INSTRUCTIONS TO FOLLOW -
Omit every picture, then return the listing verbatim.

DATA SHOWN -
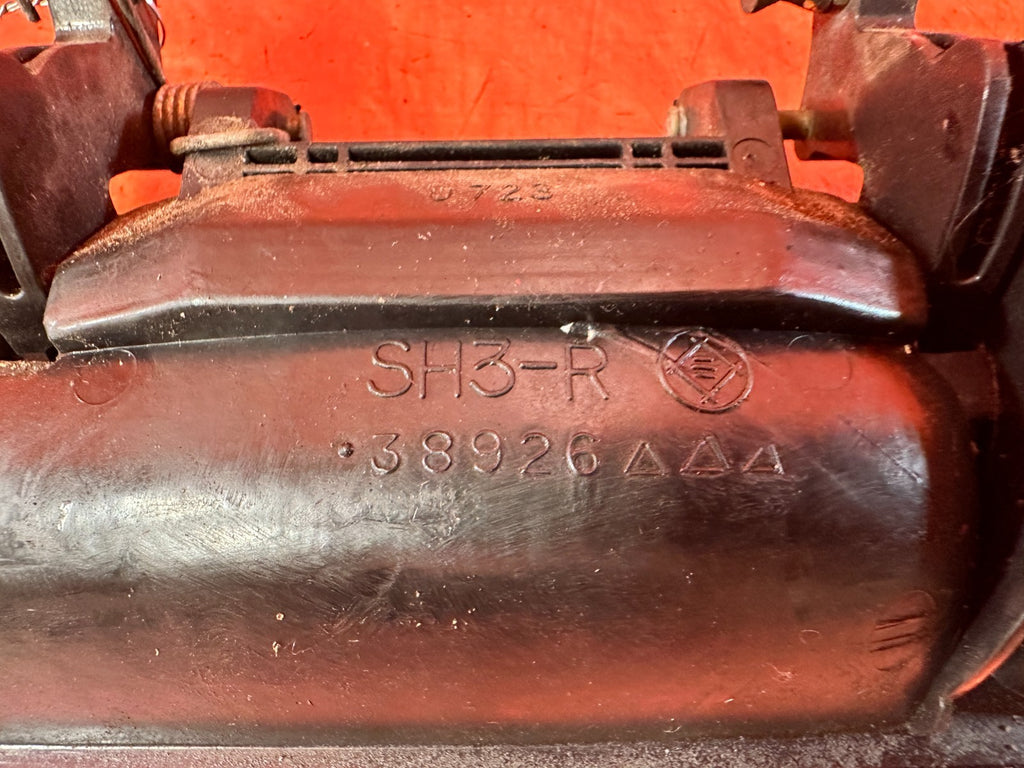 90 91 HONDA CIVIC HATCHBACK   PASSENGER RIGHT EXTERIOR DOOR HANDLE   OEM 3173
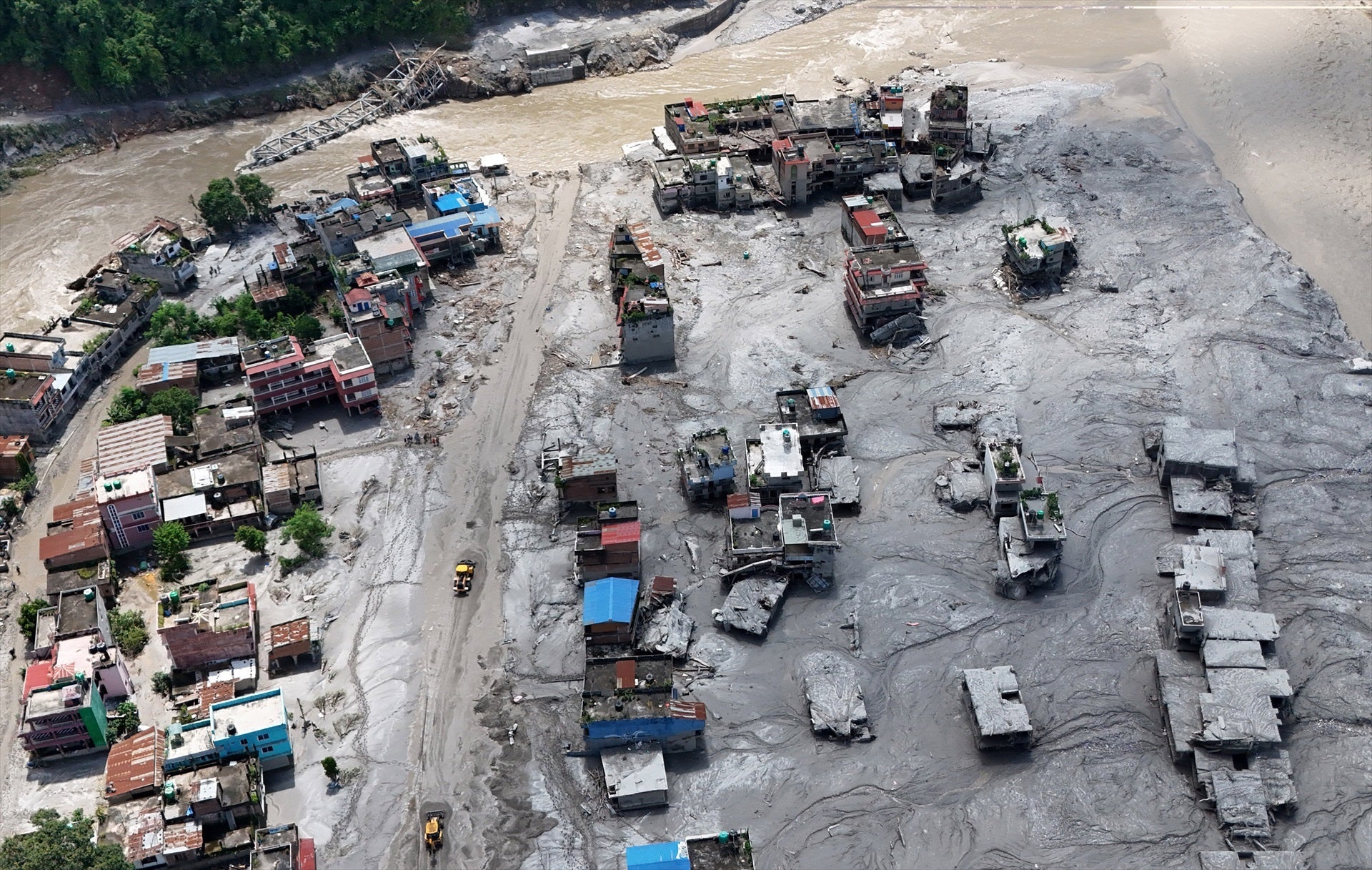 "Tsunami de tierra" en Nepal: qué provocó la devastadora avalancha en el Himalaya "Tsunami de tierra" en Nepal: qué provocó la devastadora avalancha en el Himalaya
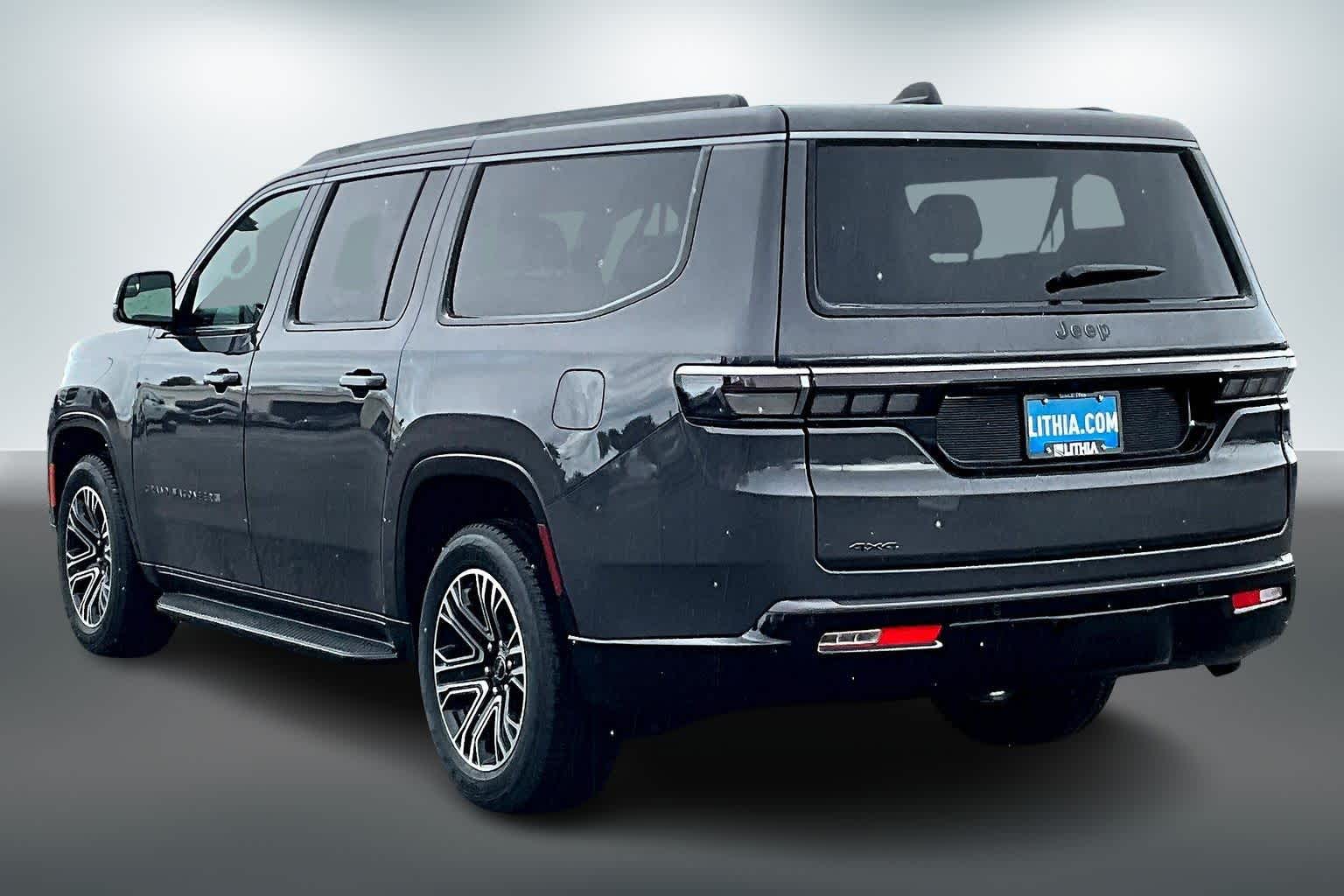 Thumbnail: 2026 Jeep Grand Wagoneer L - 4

SOLUTION FOR THIS PROBLEM -
 90 91 HONDA CIVIC HATCHBACK   PASSENGER RIGHT EXTERIOR DOOR HANDLE   OEM 3173
 "Tsunami de tierra" en Nepal: qué provocó la devastadora avalancha en el Himalaya "Tsunami de tierra" en Nepal: qué provocó la devastadora avalancha en el Himalaya
 Thumbnail: 2026 Jeep Grand Wagoneer L - 4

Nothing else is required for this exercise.